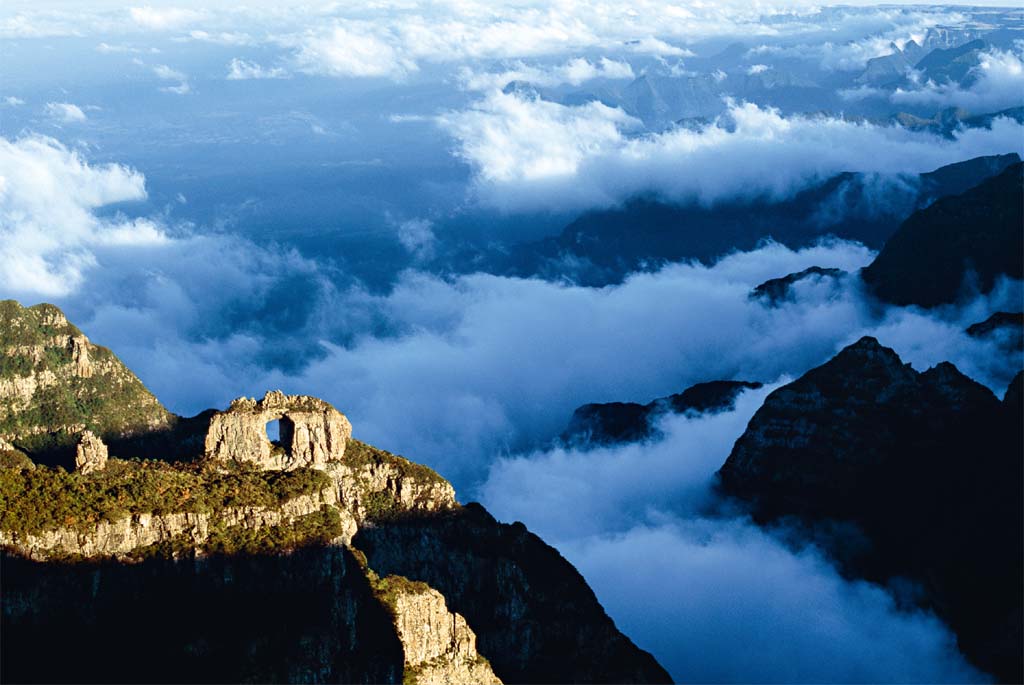A Pedra Furada, marco natural do Morro da Igreja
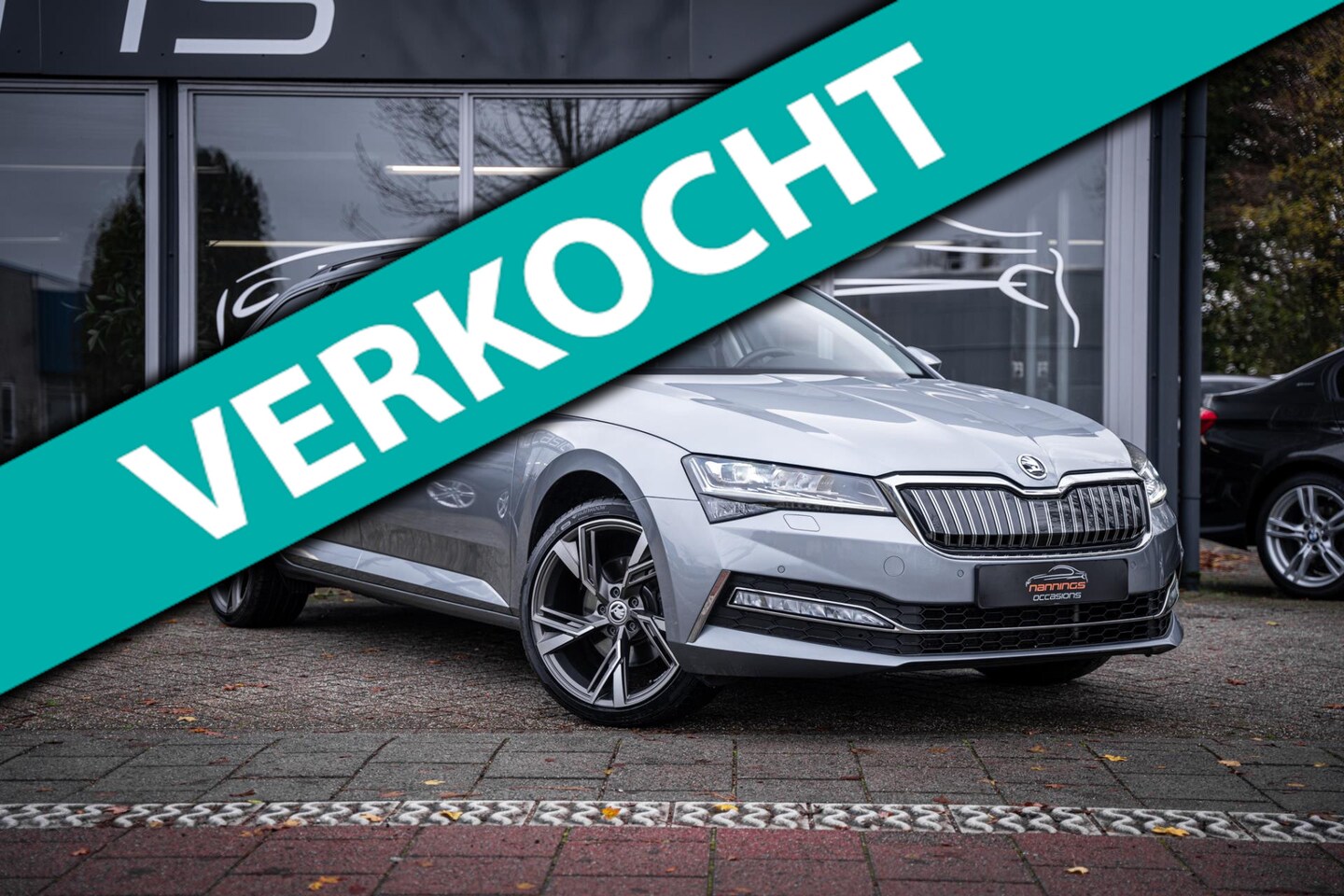 Skoda Superb Combi - 1.4 TSI iV Business Edition Plus|97%SOH|Pano|Carplay|Adaptive Cruise|Cam|Stoel/Stuurverwar - AutoWereld.nl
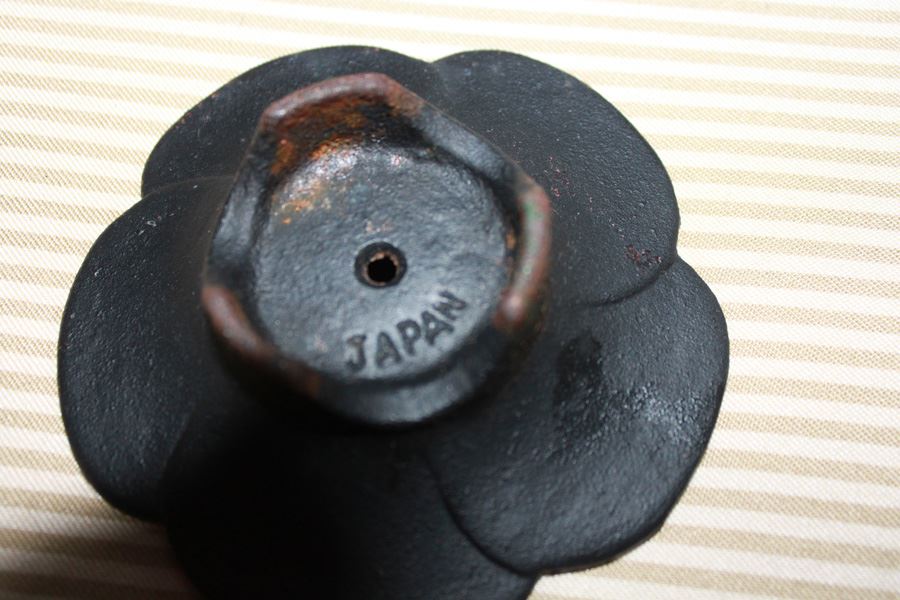 Japanese Metal Candle Stands [Photo 3]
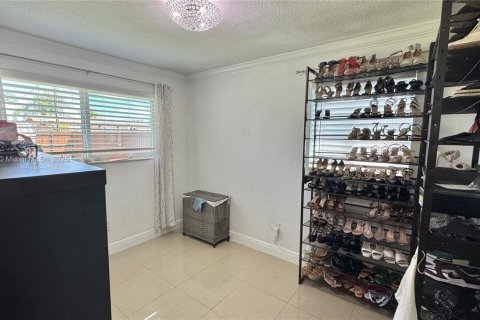 Casa en alquiler en Pembroke Pines, Florida, 3 dormitorios, 112.32 m2 № 1898168 - foto 16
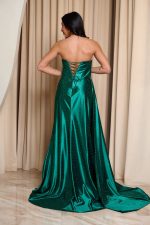 Φόρεμα maxi στράπλες σατεν με στρας κυπαρισσί - Image 5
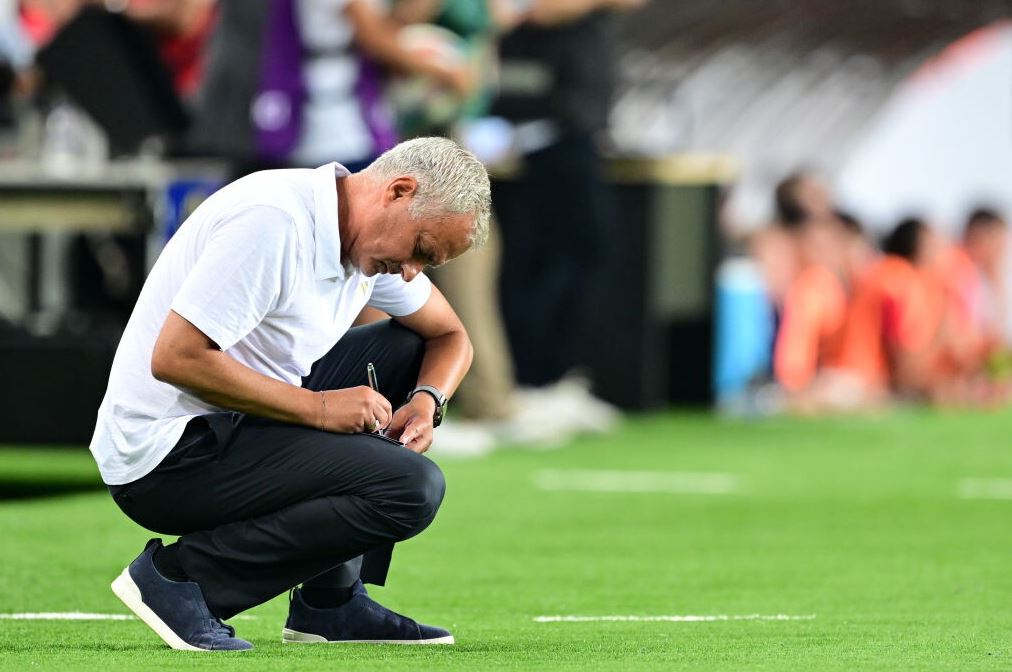 Xhixha kundër Arbër Hoxhës, Champions sjell derbi shqiptarësh, eliminohet Mourinho (VIDEO)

» Task instructions: Leave the pictures out, and copy exactly each line from the one containing "Japanese Metal Candle Stands [Photo 3]" through the final line of the data.

» Finished task:
 Japanese Metal Candle Stands [Photo 3]
 Casa en alquiler en Pembroke Pines, Florida, 3 dormitorios, 112.32 m2 № 1898168 - foto 16
 Φόρεμα maxi στράπλες σατεν με στρας κυπαρισσί - Image 5
 Xhixha kundër Arbër Hoxhës, Champions sjell derbi shqiptarësh, eliminohet Mourinho (VIDEO)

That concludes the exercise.